● Work order: The answer must be the full set of records, repeated exactly.

*** Opening of Data shown ***

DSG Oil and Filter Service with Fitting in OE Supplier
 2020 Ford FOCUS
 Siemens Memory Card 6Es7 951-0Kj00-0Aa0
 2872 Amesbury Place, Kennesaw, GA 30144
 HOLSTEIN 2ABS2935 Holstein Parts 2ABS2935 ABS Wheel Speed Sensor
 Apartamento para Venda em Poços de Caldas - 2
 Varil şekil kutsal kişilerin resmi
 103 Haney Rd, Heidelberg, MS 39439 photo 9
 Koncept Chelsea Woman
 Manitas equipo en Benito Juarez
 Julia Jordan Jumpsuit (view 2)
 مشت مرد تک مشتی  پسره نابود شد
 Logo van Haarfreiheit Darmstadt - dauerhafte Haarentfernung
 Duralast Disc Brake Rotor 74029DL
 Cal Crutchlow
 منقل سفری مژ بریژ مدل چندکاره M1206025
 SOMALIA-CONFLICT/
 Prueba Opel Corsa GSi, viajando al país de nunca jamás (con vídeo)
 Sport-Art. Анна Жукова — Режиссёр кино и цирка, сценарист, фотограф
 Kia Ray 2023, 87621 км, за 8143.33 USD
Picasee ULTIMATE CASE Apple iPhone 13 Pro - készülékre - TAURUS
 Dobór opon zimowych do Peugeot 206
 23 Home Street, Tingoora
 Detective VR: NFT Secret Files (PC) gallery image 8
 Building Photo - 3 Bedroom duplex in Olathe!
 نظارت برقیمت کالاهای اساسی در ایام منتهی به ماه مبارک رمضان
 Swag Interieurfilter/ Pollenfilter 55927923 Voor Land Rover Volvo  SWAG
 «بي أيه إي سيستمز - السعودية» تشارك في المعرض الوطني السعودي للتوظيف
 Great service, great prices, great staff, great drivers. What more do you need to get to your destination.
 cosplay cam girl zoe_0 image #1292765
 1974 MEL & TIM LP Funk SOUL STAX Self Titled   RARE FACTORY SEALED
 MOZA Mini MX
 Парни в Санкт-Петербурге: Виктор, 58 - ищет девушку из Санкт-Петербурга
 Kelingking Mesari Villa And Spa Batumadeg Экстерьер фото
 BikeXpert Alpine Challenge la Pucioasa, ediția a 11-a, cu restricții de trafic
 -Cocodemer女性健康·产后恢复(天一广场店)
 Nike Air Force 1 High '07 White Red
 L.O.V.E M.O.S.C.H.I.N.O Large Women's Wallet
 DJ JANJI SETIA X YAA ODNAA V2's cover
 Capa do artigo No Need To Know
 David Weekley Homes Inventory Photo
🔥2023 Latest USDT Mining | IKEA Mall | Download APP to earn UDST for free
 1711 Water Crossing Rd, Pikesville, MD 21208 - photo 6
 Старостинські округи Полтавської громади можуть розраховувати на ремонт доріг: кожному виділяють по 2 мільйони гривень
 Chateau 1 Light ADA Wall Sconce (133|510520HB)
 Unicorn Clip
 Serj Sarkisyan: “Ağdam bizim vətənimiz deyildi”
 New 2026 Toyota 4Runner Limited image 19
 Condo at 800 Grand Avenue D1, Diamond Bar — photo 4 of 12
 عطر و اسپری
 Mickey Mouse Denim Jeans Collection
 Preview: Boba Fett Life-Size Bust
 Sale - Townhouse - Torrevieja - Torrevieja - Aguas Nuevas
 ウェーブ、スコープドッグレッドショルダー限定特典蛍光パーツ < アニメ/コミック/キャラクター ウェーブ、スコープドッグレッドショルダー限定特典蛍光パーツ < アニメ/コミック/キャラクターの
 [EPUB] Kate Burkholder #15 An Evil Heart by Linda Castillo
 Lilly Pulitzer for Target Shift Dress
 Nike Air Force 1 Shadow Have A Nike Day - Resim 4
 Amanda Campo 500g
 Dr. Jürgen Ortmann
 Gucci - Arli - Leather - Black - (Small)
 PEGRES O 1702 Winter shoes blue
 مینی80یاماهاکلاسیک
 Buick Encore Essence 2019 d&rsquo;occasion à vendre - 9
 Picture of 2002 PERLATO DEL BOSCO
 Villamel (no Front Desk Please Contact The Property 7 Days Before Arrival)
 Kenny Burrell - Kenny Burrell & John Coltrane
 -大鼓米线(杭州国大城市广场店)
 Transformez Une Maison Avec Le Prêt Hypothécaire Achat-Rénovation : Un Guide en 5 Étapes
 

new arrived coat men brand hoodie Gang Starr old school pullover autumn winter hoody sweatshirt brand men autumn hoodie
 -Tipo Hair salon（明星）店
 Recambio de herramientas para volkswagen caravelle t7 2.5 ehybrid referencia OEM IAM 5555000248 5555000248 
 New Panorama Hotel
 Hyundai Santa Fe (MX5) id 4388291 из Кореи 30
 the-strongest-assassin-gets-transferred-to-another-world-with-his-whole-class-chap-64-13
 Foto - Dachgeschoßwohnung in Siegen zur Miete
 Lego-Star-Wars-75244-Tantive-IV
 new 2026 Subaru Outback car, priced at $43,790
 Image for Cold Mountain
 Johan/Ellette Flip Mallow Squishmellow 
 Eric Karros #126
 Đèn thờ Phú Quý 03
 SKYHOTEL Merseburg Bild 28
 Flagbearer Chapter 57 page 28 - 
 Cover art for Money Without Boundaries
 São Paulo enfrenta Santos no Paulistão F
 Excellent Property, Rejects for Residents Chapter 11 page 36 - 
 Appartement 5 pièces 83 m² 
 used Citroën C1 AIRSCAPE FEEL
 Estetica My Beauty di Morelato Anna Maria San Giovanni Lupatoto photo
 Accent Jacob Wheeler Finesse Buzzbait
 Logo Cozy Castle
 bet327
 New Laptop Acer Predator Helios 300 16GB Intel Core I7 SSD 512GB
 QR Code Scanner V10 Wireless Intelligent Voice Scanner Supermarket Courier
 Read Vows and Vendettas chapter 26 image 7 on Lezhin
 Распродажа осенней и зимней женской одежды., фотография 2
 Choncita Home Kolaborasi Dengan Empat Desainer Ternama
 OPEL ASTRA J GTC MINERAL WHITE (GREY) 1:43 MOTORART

*** Close of Data shown ***

● Answer to this exercise:
DSG Oil and Filter Service with Fitting in OE Supplier
 2020 Ford FOCUS
 Siemens Memory Card 6Es7 951-0Kj00-0Aa0
 2872 Amesbury Place, Kennesaw, GA 30144
 HOLSTEIN 2ABS2935 Holstein Parts 2ABS2935 ABS Wheel Speed Sensor
 Apartamento para Venda em Poços de Caldas - 2
 Varil şekil kutsal kişilerin resmi
 103 Haney Rd, Heidelberg, MS 39439 photo 9
 Koncept Chelsea Woman
 Manitas equipo en Benito Juarez
 Julia Jordan Jumpsuit (view 2)
 مشت مرد تک مشتی  پسره نابود شد
 Logo van Haarfreiheit Darmstadt - dauerhafte Haarentfernung
 Duralast Disc Brake Rotor 74029DL
 Cal Crutchlow
 منقل سفری مژ بریژ مدل چندکاره M1206025
 SOMALIA-CONFLICT/
 Prueba Opel Corsa GSi, viajando al país de nunca jamás (con vídeo)
 Sport-Art. Анна Жукова — Режиссёр кино и цирка, сценарист, фотограф
 Kia Ray 2023, 87621 км, за 8143.33 USD
Picasee ULTIMATE CASE Apple iPhone 13 Pro - készülékre - TAURUS
 Dobór opon zimowych do Peugeot 206
 23 Home Street, Tingoora
 Detective VR: NFT Secret Files (PC) gallery image 8
 Building Photo - 3 Bedroom duplex in Olathe!
 نظارت برقیمت کالاهای اساسی در ایام منتهی به ماه مبارک رمضان
 Swag Interieurfilter/ Pollenfilter 55927923 Voor Land Rover Volvo  SWAG
 «بي أيه إي سيستمز - السعودية» تشارك في المعرض الوطني السعودي للتوظيف
 Great service, great prices, great staff, great drivers. What more do you need to get to your destination.
 cosplay cam girl zoe_0 image #1292765
 1974 MEL & TIM LP Funk SOUL STAX Self Titled   RARE FACTORY SEALED
 MOZA Mini MX
 Парни в Санкт-Петербурге: Виктор, 58 - ищет девушку из Санкт-Петербурга
 Kelingking Mesari Villa And Spa Batumadeg Экстерьер фото
 BikeXpert Alpine Challenge la Pucioasa, ediția a 11-a, cu restricții de trafic
 -Cocodemer女性健康·产后恢复(天一广场店)
 Nike Air Force 1 High '07 White Red
 L.O.V.E M.O.S.C.H.I.N.O Large Women's Wallet
 DJ JANJI SETIA X YAA ODNAA V2's cover
 Capa do artigo No Need To Know
 David Weekley Homes Inventory Photo
🔥2023 Latest USDT Mining | IKEA Mall | Download APP to earn UDST for free
 1711 Water Crossing Rd, Pikesville, MD 21208 - photo 6
 Старостинські округи Полтавської громади можуть розраховувати на ремонт доріг: кожному виділяють по 2 мільйони гривень
 Chateau 1 Light ADA Wall Sconce (133|510520HB)
 Unicorn Clip
 Serj Sarkisyan: “Ağdam bizim vətənimiz deyildi”
 New 2026 Toyota 4Runner Limited image 19
 Condo at 800 Grand Avenue D1, Diamond Bar — photo 4 of 12
 عطر و اسپری
 Mickey Mouse Denim Jeans Collection
 Preview: Boba Fett Life-Size Bust
 Sale - Townhouse - Torrevieja - Torrevieja - Aguas Nuevas
 ウェーブ、スコープドッグレッドショルダー限定特典蛍光パーツ < アニメ/コミック/キャラクター ウェーブ、スコープドッグレッドショルダー限定特典蛍光パーツ < アニメ/コミック/キャラクターの
 [EPUB] Kate Burkholder #15 An Evil Heart by Linda Castillo
 Lilly Pulitzer for Target Shift Dress
 Nike Air Force 1 Shadow Have A Nike Day - Resim 4
 Amanda Campo 500g
 Dr. Jürgen Ortmann
 Gucci - Arli - Leather - Black - (Small)
 PEGRES O 1702 Winter shoes blue
 مینی80یاماهاکلاسیک
 Buick Encore Essence 2019 d&rsquo;occasion à vendre - 9
 Picture of 2002 PERLATO DEL BOSCO
 Villamel (no Front Desk Please Contact The Property 7 Days Before Arrival)
 Kenny Burrell - Kenny Burrell & John Coltrane
 -大鼓米线(杭州国大城市广场店)
 Transformez Une Maison Avec Le Prêt Hypothécaire Achat-Rénovation : Un Guide en 5 Étapes
 

new arrived coat men brand hoodie Gang Starr old school pullover autumn winter hoody sweatshirt brand men autumn hoodie
 -Tipo Hair salon（明星）店
 Recambio de herramientas para volkswagen caravelle t7 2.5 ehybrid referencia OEM IAM 5555000248 5555000248 
 New Panorama Hotel
 Hyundai Santa Fe (MX5) id 4388291 из Кореи 30
 the-strongest-assassin-gets-transferred-to-another-world-with-his-whole-class-chap-64-13
 Foto - Dachgeschoßwohnung in Siegen zur Miete
 Lego-Star-Wars-75244-Tantive-IV
 new 2026 Subaru Outback car, priced at $43,790
 Image for Cold Mountain
 Johan/Ellette Flip Mallow Squishmellow 
 Eric Karros #126
 Đèn thờ Phú Quý 03
 SKYHOTEL Merseburg Bild 28
 Flagbearer Chapter 57 page 28 - 
 Cover art for Money Without Boundaries
 São Paulo enfrenta Santos no Paulistão F
 Excellent Property, Rejects for Residents Chapter 11 page 36 - 
 Appartement 5 pièces 83 m² 
 used Citroën C1 AIRSCAPE FEEL
 Estetica My Beauty di Morelato Anna Maria San Giovanni Lupatoto photo
 Accent Jacob Wheeler Finesse Buzzbait
 Logo Cozy Castle
 bet327
 New Laptop Acer Predator Helios 300 16GB Intel Core I7 SSD 512GB
 QR Code Scanner V10 Wireless Intelligent Voice Scanner Supermarket Courier
 Read Vows and Vendettas chapter 26 image 7 on Lezhin
 Распродажа осенней и зимней женской одежды., фотография 2
 Choncita Home Kolaborasi Dengan Empat Desainer Ternama
 OPEL ASTRA J GTC MINERAL WHITE (GREY) 1:43 MOTORART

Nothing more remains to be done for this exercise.